▼
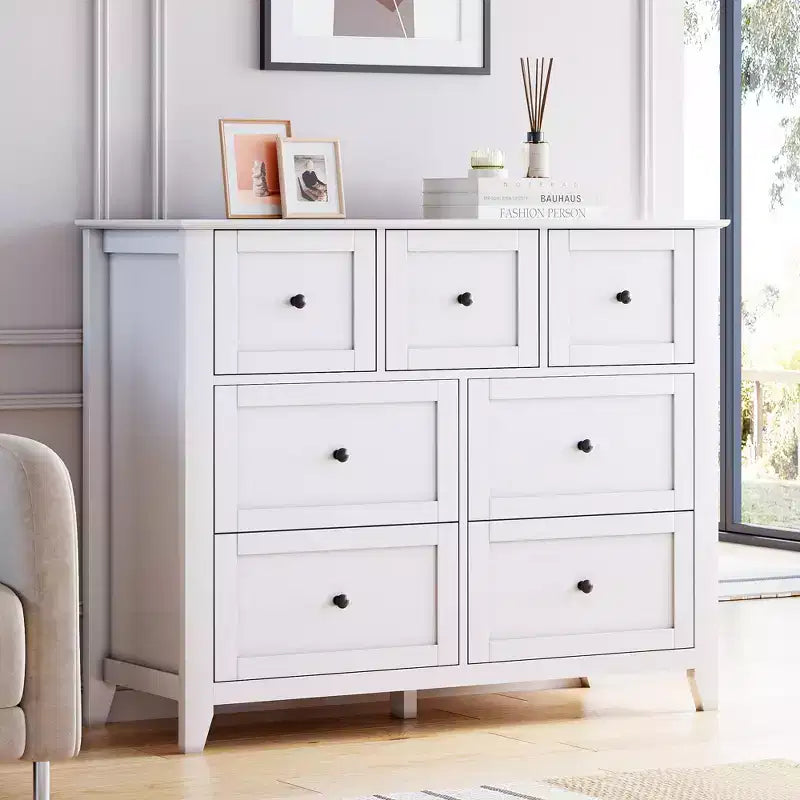 Commode en bois CuisinSmart pour chambre à coucher, commode à 7 tiroirs avec poignée en métal, organisateur de rangement de placard pour salon, couloir, chambre à coucher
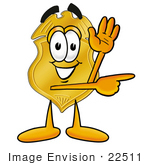 #22511 Clip Art Graphic Of A Gold Law Enforcement Police Badge Cartoon Character Waving And Pointing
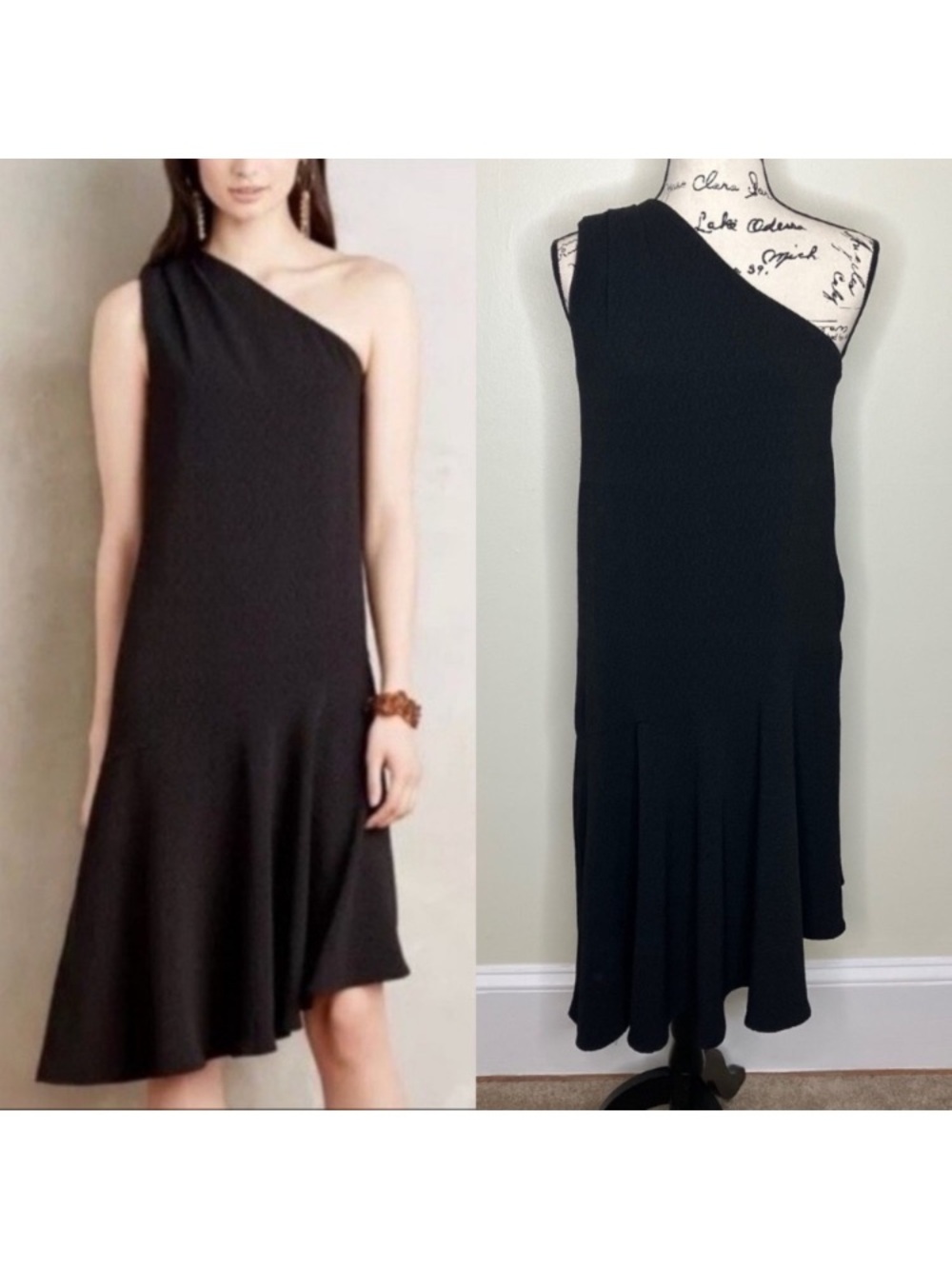 Anthropologie HD in Paris Nemesia black one shoulder asymmetrical dress 4 - Picture 1 of 6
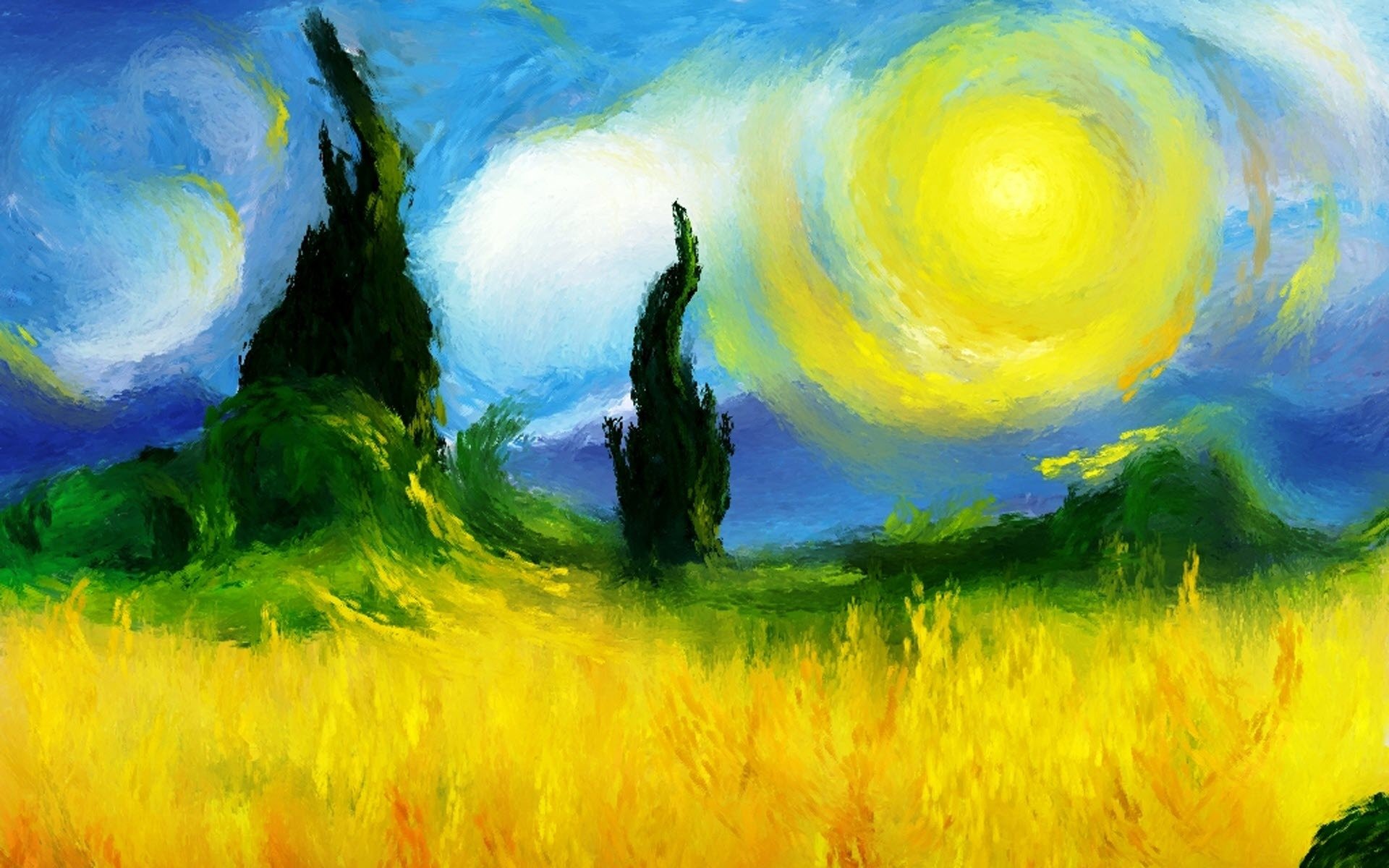 art van gogh inspiré nuit étoilée journée ensoleillée peinture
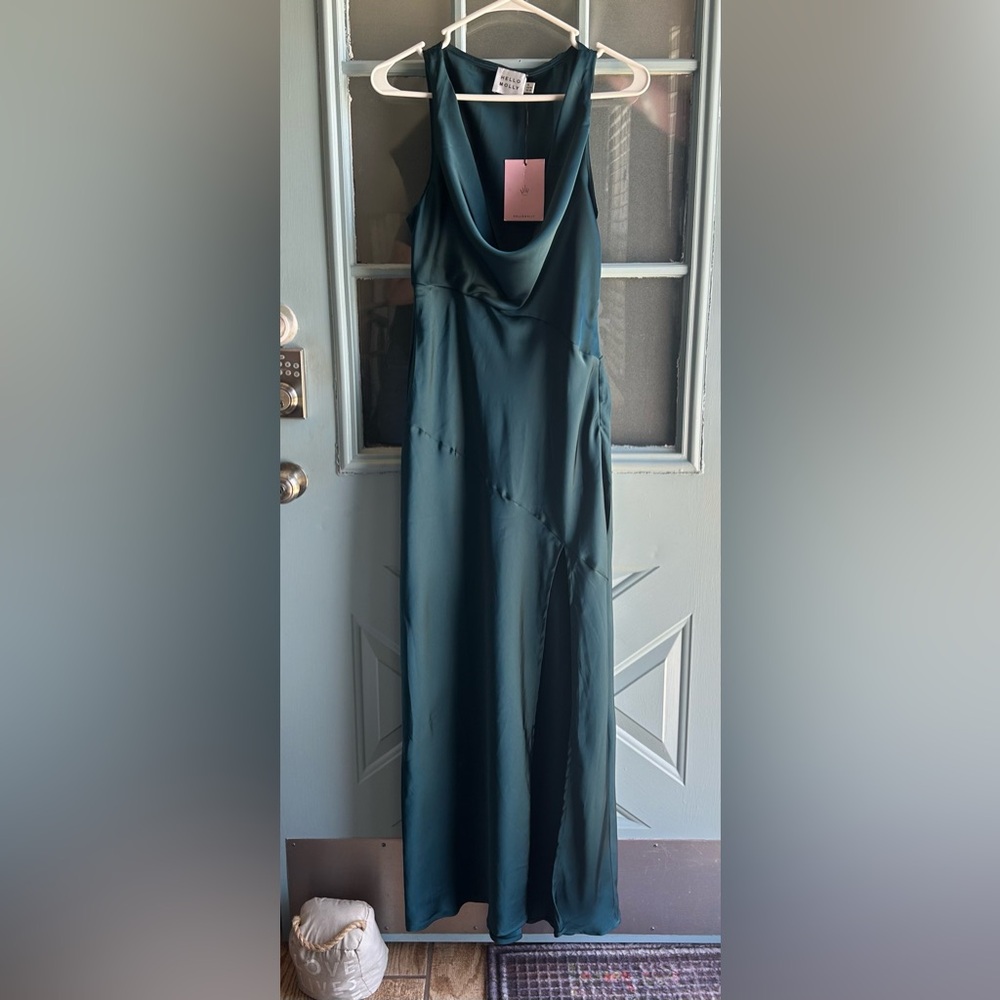 NWT Hello Molly Cowl Neck Formal Long Maxi Dress Bridesmaid Gown Teal Green XL - Picture 2 of 11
▲
INSTRUCTIONS FOR THE TASK — Please retype the lines from the one containing "art van gogh" through the last line of the records above, exactly as written, and leave out any pictures.

OUTPUT —
 art van gogh inspiré nuit étoilée journée ensoleillée peinture
 NWT Hello Molly Cowl Neck Formal Long Maxi Dress Bridesmaid Gown Teal Green XL - Picture 2 of 11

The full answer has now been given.